The system, however, wasn’t fast enough, and it did not have enough data to work with. Used for IBM’s 16Mbit DRAMs, the system classified simple defects with an accuracy of 80%. Operators were still required to classify the complex defects.
The world has changed since then. Today, the chips are more complex with tiny features. In logic, chipmakers are ramping up 10nm/7nm, with 5nm in R&D. “Then, there are some new materials. You have cobalt, ruthenium and other things. They come with their own challenges,” said Mohan Iyer, head of marketing for the E-beam division at KLA.
Finding the defects in devices is a challenging task. For this, chipmakers use more powerful inspection tools and ADC review systems today.
ADC with machine learning is also part of the mix. Without machine learning, it can take 6 to 9 months to train people to classify the defects manually with 90% accuracy, according to a recent white paper from Intel. Even after training, a human operator is only 75% to 80% accurate over time, according to Intel.
In the paper, Intel describes how it uses ADC with machine learning in the fab. Using a scanning electron microscope, Intel takes a multitude of images of wafers during the fabrication process, according to the paper.
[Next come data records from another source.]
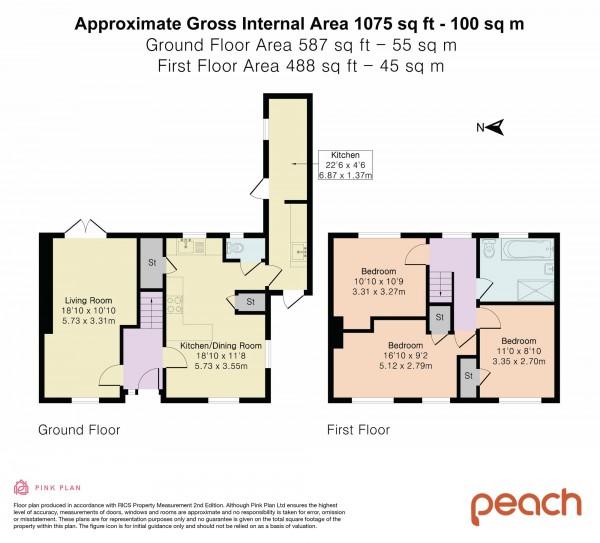 Floorplan for Cypress Grove, Swindon, SN2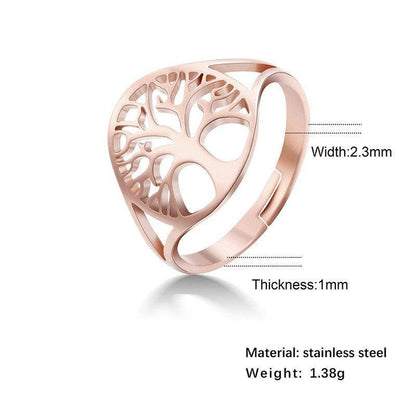 Retro Hollow Design Tree Of Life Dress Ring Unisex - www.Shopthatapp.com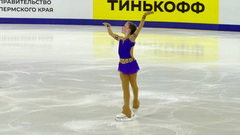 Елизавета Лабутина. Произвольная программа. Пермь. Гран-при России по фигурному катанию 2022/23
Using a PC, the images are sent to a classification server. Then, the images are automatically labeled and defects are categorized, according to Intel.
The labeled images are sent back to the PC, where they are moved to a storage unit for analysis. Labeled images are also sent to a separate model building server, where the models are retrained with new information, according to Intel.
On the memory front, meanwhile, Micron also has deployed ADC with machine learning in one fab. Previously, Micron had human operators, who reviewed and manually classified defects at a rate of millions per year.
Recently, Micron has automated the process by deploying what it calls AI-ADC within its Fab 6 facility. Based in Manassas, Va., the fab produces DRAM, NAND, and NOR products. Micron is looking to use AI-ADC in other fabs.
As part of the effort, Micron has moved millions of saved labeled defect images into a Hadoop cluster. Then, the company uses Nvidia’s DGX-1 to train a deep neural network on the large data set. The DGX-1 is a GPU-based deep learning platform.
“We pull the stored images from the Hadoop cluster and run the training on an image training set,” Micron’s Doros said. “We then run model testing on a related but different image set, and score the model. Once a model scores high enough, it is frozen to be used for the active labeling.”
Fig. 1: A neural network is a function that can learn Source: Micron
In operation, Micron processes the wafers in the fab. The inspection tool may find a defect. Then, the separate AI-ADC system reviews and auto-classifies most defects. Less common defects are still classified by operators.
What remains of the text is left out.